A more useful framing is to think of data quality as having several distinct dimensions, each with different risks if neglected.

Accuracy refers to whether data reflects reality. Is the address on file the customer’s actual address? Completeness asks whether critical fields are populated. Are there customers in the system with no risk classification, no contact information, no transaction history? Consistency concerns whether the same entity is represented the same way across systems. Does the customer appearing on three different platforms share a common identifier, or are they three separate records that no one has reconciled? Timeliness captures whether data is current enough for the decisions it informs. Is the credit score driving a lending decision based on information from last month, or last year?

Each dimension has a corresponding governance mechanism: data standards, validation rules, master data management, refresh cycles, and ownership accountability. Each failure mode also carries a corresponding business consequence: mispriced risk, failed compliance checks, poor customer service, and increasingly, AI models that produce confident predictions from flawed inputs.

This last point deserves emphasis. AI amplifies data failures at scale. A human analyst reviewing a spreadsheet might notice an anomaly; a credit officer with experience might sense that something is off.
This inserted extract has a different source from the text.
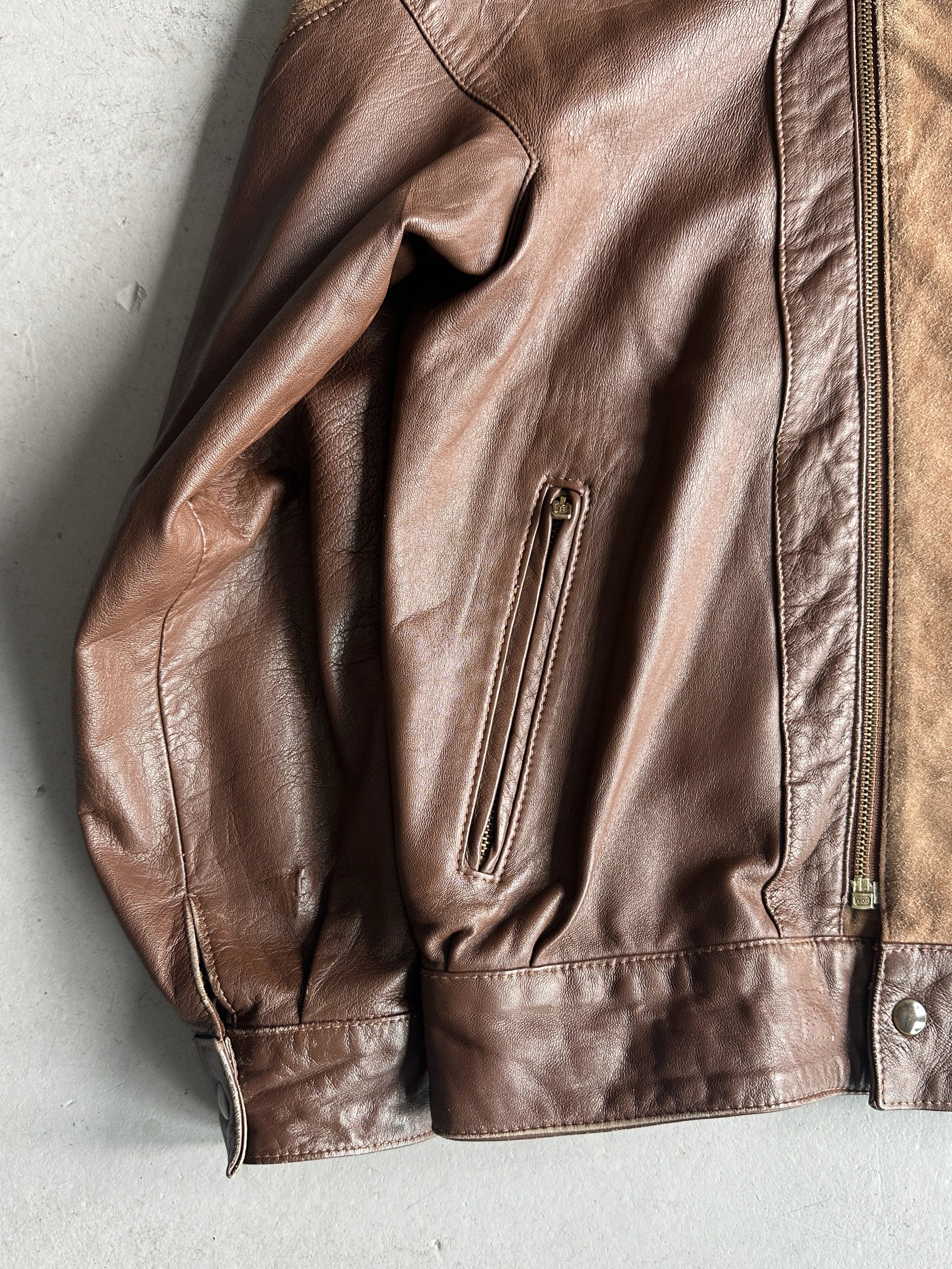 1980s DROPPED SHOULDER LEATHER AND SUEDE BOMBER JACKET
An AI model trained on and fed by compromised data will process it at volume without hesitation, embedding the error into thousands of decisions before anyone identifies the pattern. The same scale that makes AI valuable is what makes bad data so consequential.

WHAT DATA GOVERNANCE INVESTMENT ACTUALLY MEANS
Boards that approve data governance investments are sometimes presented with proposals for data platforms, cloud migration, or master data management systems, all of which are necessary, but which represent only the technical layer of a much broader requirement. The platforms matter, but the governance challenge is as much organizational as it is architectural.

Effective data governance requires investment across at least three areas.

The first is institutional, defining who owns which data, who is accountable for its quality, and who has authority to establish and enforce standards. This sounds straightforward, but is often contentious in practice. Business units that have long managed their own data with their own definitions resist centralized standards. Functions that have built workflows around local data conventions resist harmonization. Without clear ownership and accountability, governance frameworks tend to become committees without authority.

The second is technical, encompassing the systems, tools, and architecture needed to implement governance at scale. This includes data catalogues that document what data exists and where, lineage tools that trace how data moves and transforms, quality monitoring systems that flag anomalies, and integration layers that allow data to flow across business units without being corrupted in transit.

The third, and perhaps most underestimated, is cultural. Data governance fails not because organizations lack policies, but because those policies are not followed, not enforced, and not embedded in day-to-day workflows. People enter incomplete records because they are measured on speed, not accuracy. Systems are integrated hastily because project timelines do not allow for proper data mapping. Exceptions are granted because enforcing standards is inconvenient. Boards should ask not only whether governance frameworks exist, but whether the organization’s culture treats data as an asset that requires active stewardship.

WHAT BOARDS SHOULD ASK
Asking whether a data governance policy exists is a reasonable starting point, but it tells a board relatively little. More revealing is whether accountability is real, whether standards are enforced, and whether quality is actually being measured. Boards should expect management to be able to answer several basic questions. What is the organization’s data quality posture across its most material data assets, those that drive credit decisions, risk models, regulatory reporting, and customer interactions? Where are the known gaps, and what is being done to close them? How are data quality issues identified and escalated? Who is accountable when a data failure produces a material business or compliance consequence?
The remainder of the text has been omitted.